C.K. Volnek. Ghost Dog of Roanoke Island. United States: Spark Books, 2011.

ghostdogofroanokeIt feels like fate when Jack Dahlgren’s family inherits his great-aunt Ruth’s home on Roanoke Island in North Carolina. His dad has lost his job, and all the family’s savings are gone. But twelve-year-old Jack doesn’t want to live on Roanoke Island, especially in a house that the kids at school say is haunted. He also feels responsible for his little sister’s accidental fall off of a nearby sea cliff, which put her in a hospital in Raleigh. On top of everything, a hurricane is bearing down on the Outer Banks, howling like a monster.

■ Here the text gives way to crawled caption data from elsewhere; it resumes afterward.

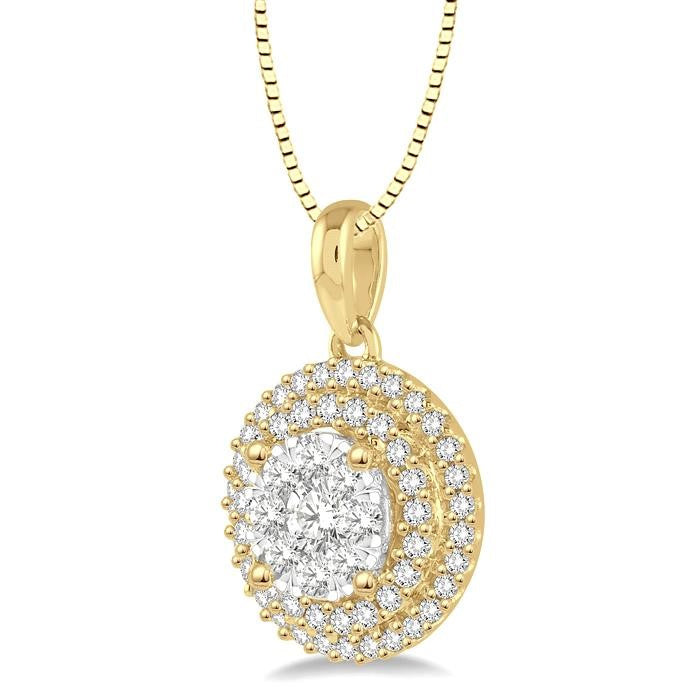 1/2 Ctw Diamond Shine Bright Pendant in 14K Yellow and White Gold with Chain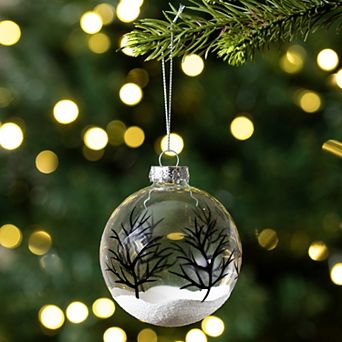 4 ct Clear and Frosted Winter Tree Glass Christmas Ball Ornaments 3.25" (80mm)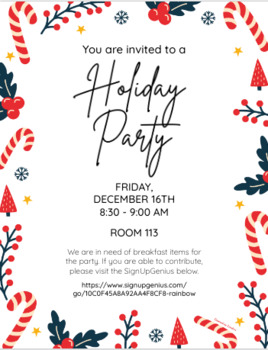 Holiday Class Christmas Party Invitation Editable Template | TPT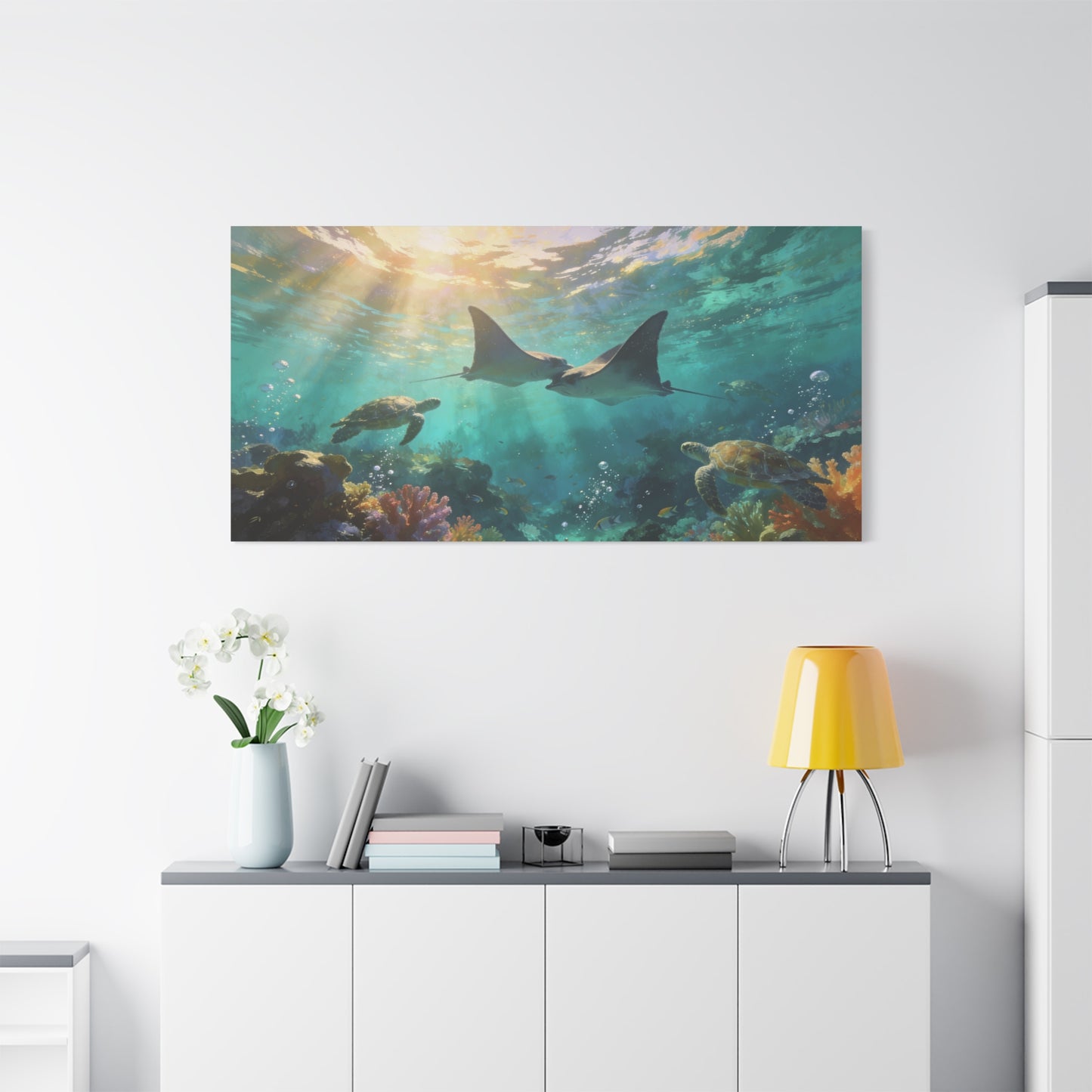 Manta Ray And Sea Turtle Canvas Wall Art - Underwater Ocean Reef Scene, Coastal Wall Decor - Matte Cotton Canvas Print - Contemporary Seascape Style - Living Room Bedroom Office - Ready to Hang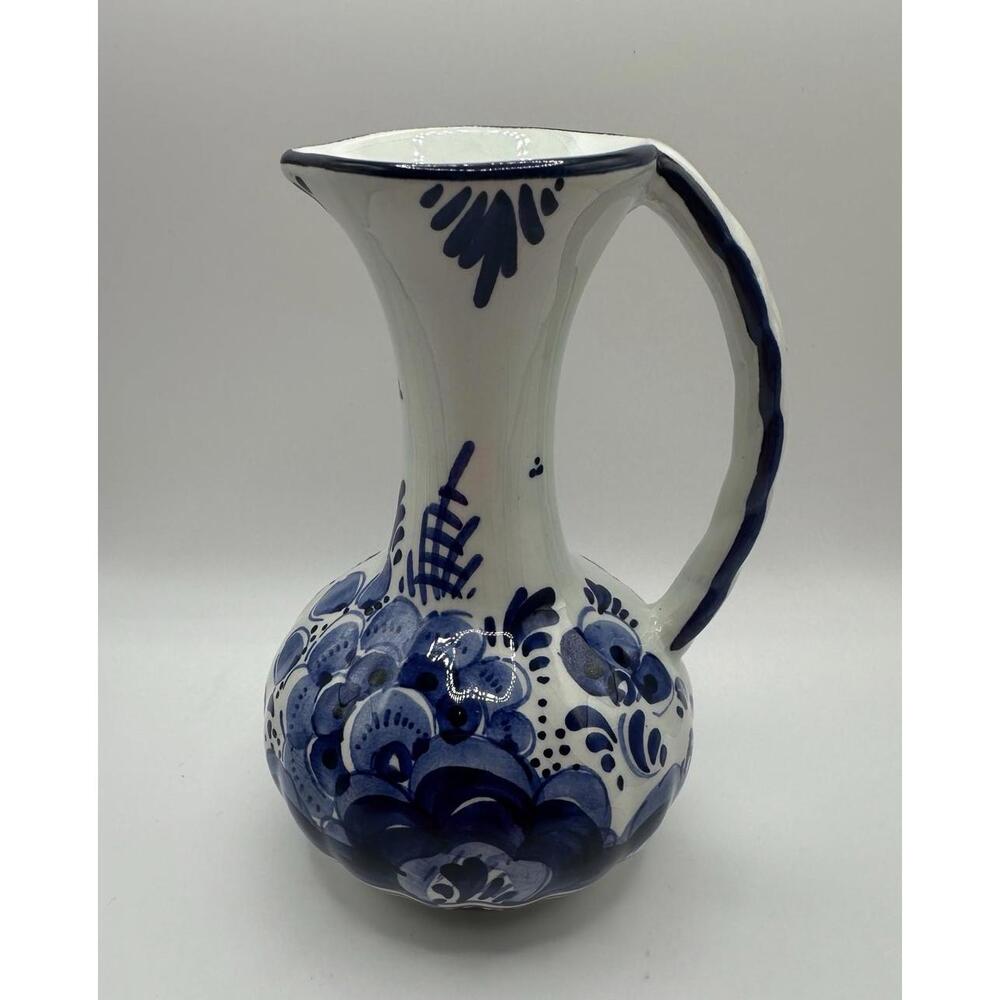 Vintage Delft Handpainted Holland Blue White 5.5” Pitcher Signed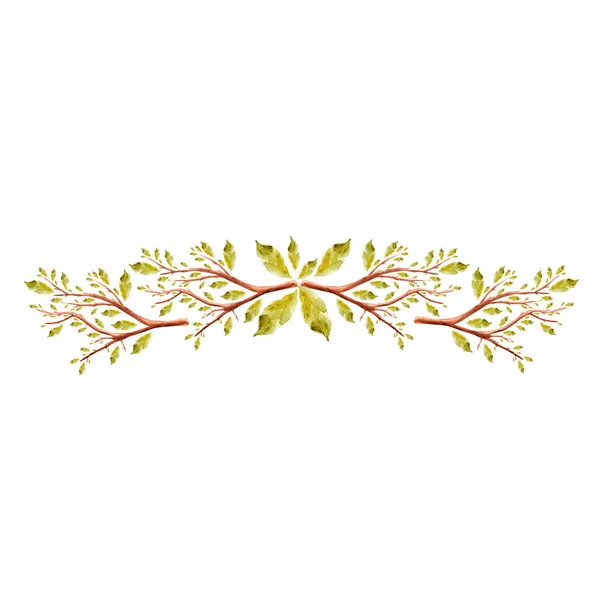 Frame Border Autumn Branches Watercolor Leaves Template Decorating Designs Illustrations — ストック写真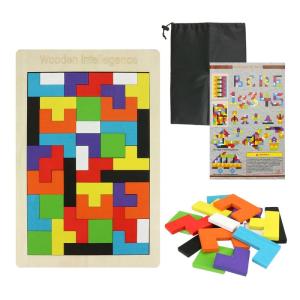 MA・SELE 木製パズル テトリス 型はめ ジグソーパズル パズル 収納袋付き おもちゃ 6歳から 厚さ7ｍｍ プレゼント｜keywest-store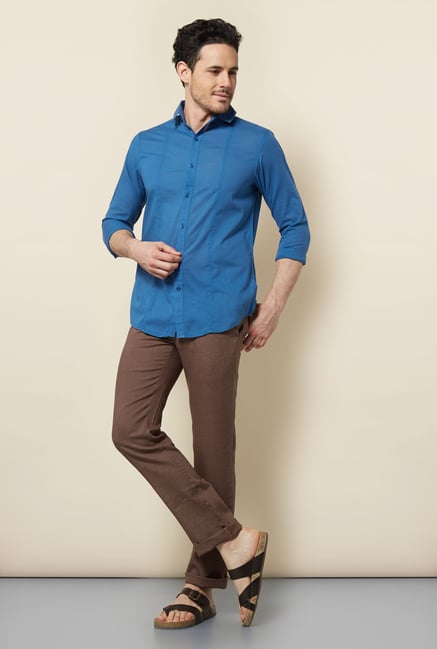 Cottonworld Brown Solid Chinos Cottonworld Brown Solid Chinos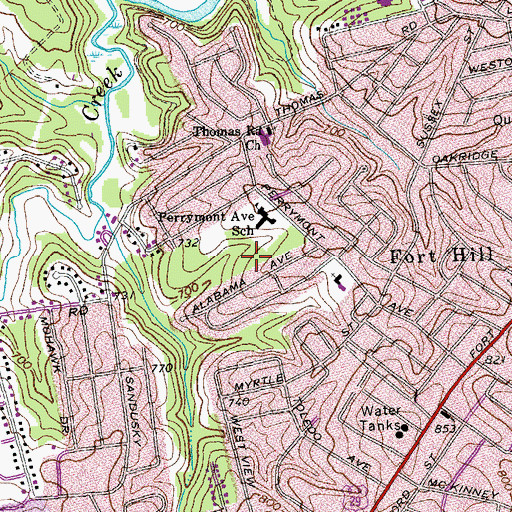Topographic Map of Perrymont Park, VA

…Or is it a hurricane? There’s definitely some stormy weather, but there’s also something dark and scary living in the woods near the Dahlgrens’ new house. When Jack investigates, he finds a mysterious, vanishing mastiff, and something much wilder. Later, Jack meets and befriends their Algonquin neighbor, Manny Braboy, who explains it all– the evil living in Jack’s woods is a Witiku: a demon summoned by the natives of Roanoke Island in the sixteenth century to rid the island of all invaders. Incredibly, Manny tells Jack that he, Jack, must be the one to defeat the Witiku. The twelve-year old is skeptical, but when Manny takes him back to the sixteenth century to observe the events of the Lost Colony unfold, he begins to believe. Will Jack defeat the Wikitu? Will Roanoke Island finally be at peace? Will Jack ever be happy in his new home?

Check this title’s availability in the UNC-Chapel Hill Library catalog.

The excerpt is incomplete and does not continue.